No, the exception you saw shouldn’t happen. So I’m still curious to see the example and try it for myself to see what’s going on

The timeout is in seconds, yes. However, you should never see a StopWorker exception in your terminal, as that is used internally only.

You can email me at [github-username]@gmail.com

Can you provide a minimal working example that gives this error? Without exactly knowing what your code looks like it’s really hard to debug

No problem, happy to help.

To answer your question, as long as you are sure all locks are released before starting forking processes, it shouldn’t be a problem.

The problems start when you have a thread in your main process that holds a lock and then start forking. A child process then inherits an acquired lock which cannot be released anymore because the thread that holds it is not inherited. So whenever you do something with that lock again it will deadlock because it cannot acquire an already acquired lock.

since I need use muti-thread within multi-cores, I think my best option is forkserver then?

Using fork is only unsafe when using threading/locks before starting the child processes with fork. So if you don’t have a thread running in your main process that holds a lock, you should be fine to use fork in the main process and create child processes with it. Using threading after fork should be fine.

Also, I noticed something interesting when tracking the Console Output on Jenkins: the message seems to be printed out at around 1- 1.5 hour interval. Does it mean the workers are waiting for each other to complete the task at hand, before they start communicating with each other and printing out stuffs? I was thinking that they would not wait for each other and just do the task assigned to them independently?

MPIRE first creates all workers and starts them (i.e. calls process.start()). But it doesn’t wait for the workers to be started. One worker can already start a task while another is still starting. It could be that your console output uses a buffer for stdout and outputs every x time, giving the impression that mpire waits/syncs.

See the following output:

from mpire import WorkerPool

def w_init(worker_id):
    print(worker_id, "started")

def job(worker_id, x):
    print(worker_id, "got task", x)
    return x * 2

with WorkerPool(10, pass_worker_id=True) as pool:
    pool.map(job, range(10), worker_init=w_init)

On my machine this prints:

0 started
1 started
2 started
3 started
0 got task 0
1 got task 1
4 started
5 started
2 got task 2
6 started
3 got task 3
4 got task 4
5 got task 5
7 started
6 got task 6
8 started
9 started
7 got task 7
8 got task 8
9 got task 9

Also, if I need to have some tuples of shared_objects that would be modified by one parent process and reused by another parent worker, could I just simply turned on shared_objects = ([args_1, args_2]) in the with WorkerPool clause? Does the order of shared_objects parameter relative to the other parameter in WorkerPool() function matter?

The order of shared objects doesn’t matter, each worker will get the same shared objects. However, modifying shared objects might not work like you think it would. They are not mutable in a multiprocessing context. When one process makes modifications, it does so on a copy.

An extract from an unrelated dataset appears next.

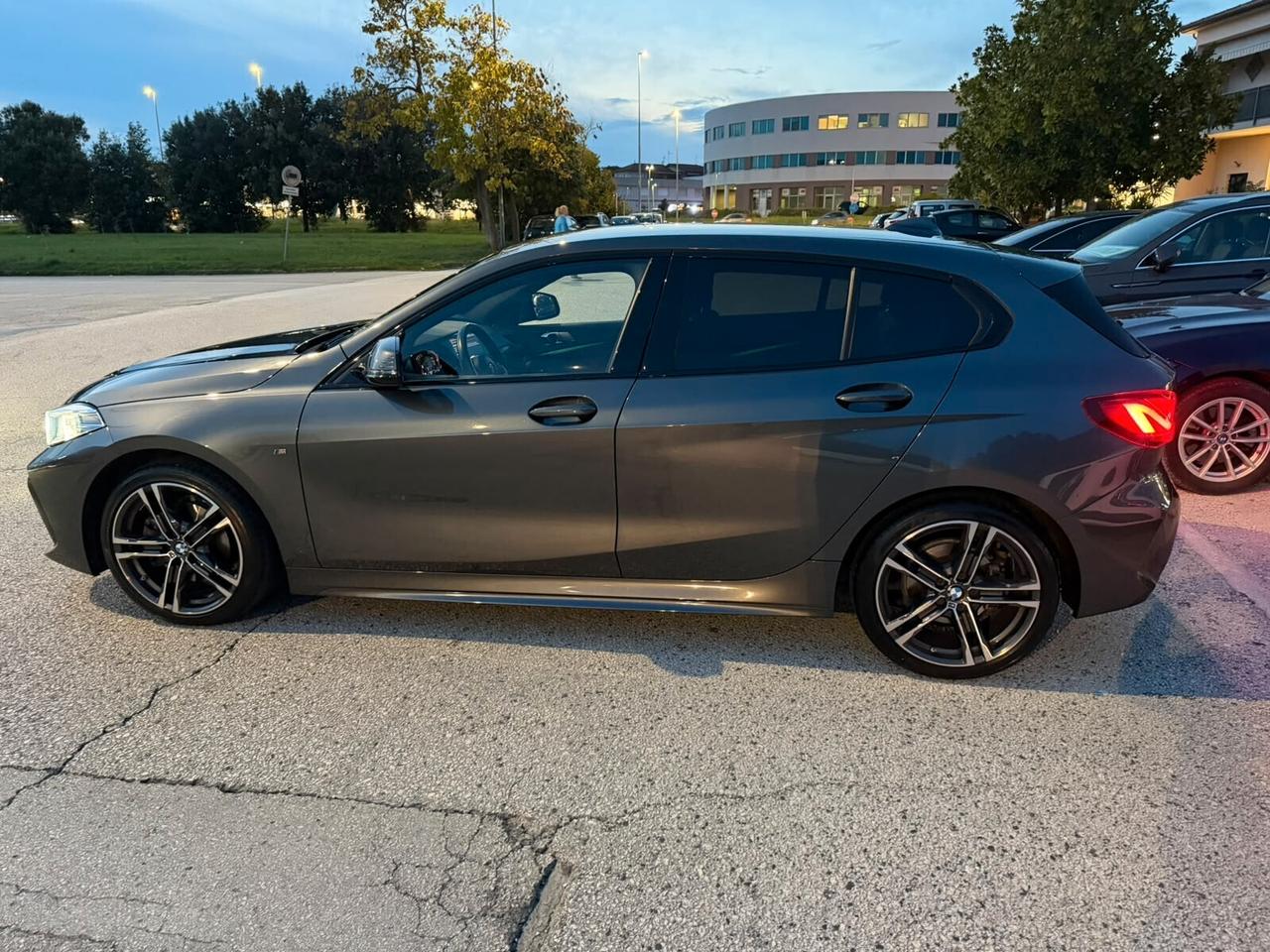 Bmw 118 118i 5p. Business Advantage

E.g., see the following example:

def job(worker_id, shared_objects, x):
     args_1, args_2 = shared_objects
     print(worker_id, args_1)
 
     # Other processes won't notice any changes in args
     if worker_id == 0:
         args_1.append(3)
 
if __name__ == "__main__":
    args_1, args_2 = [1], [2]
    with WorkerPool(4, pass_worker_id=True, shared_objects=[args_1, args_2]) as pool:
        pool.map(job, range(10))

This will output:

0 [1]
1 [1]
2 [1]
0 [1, 3]
3 [1]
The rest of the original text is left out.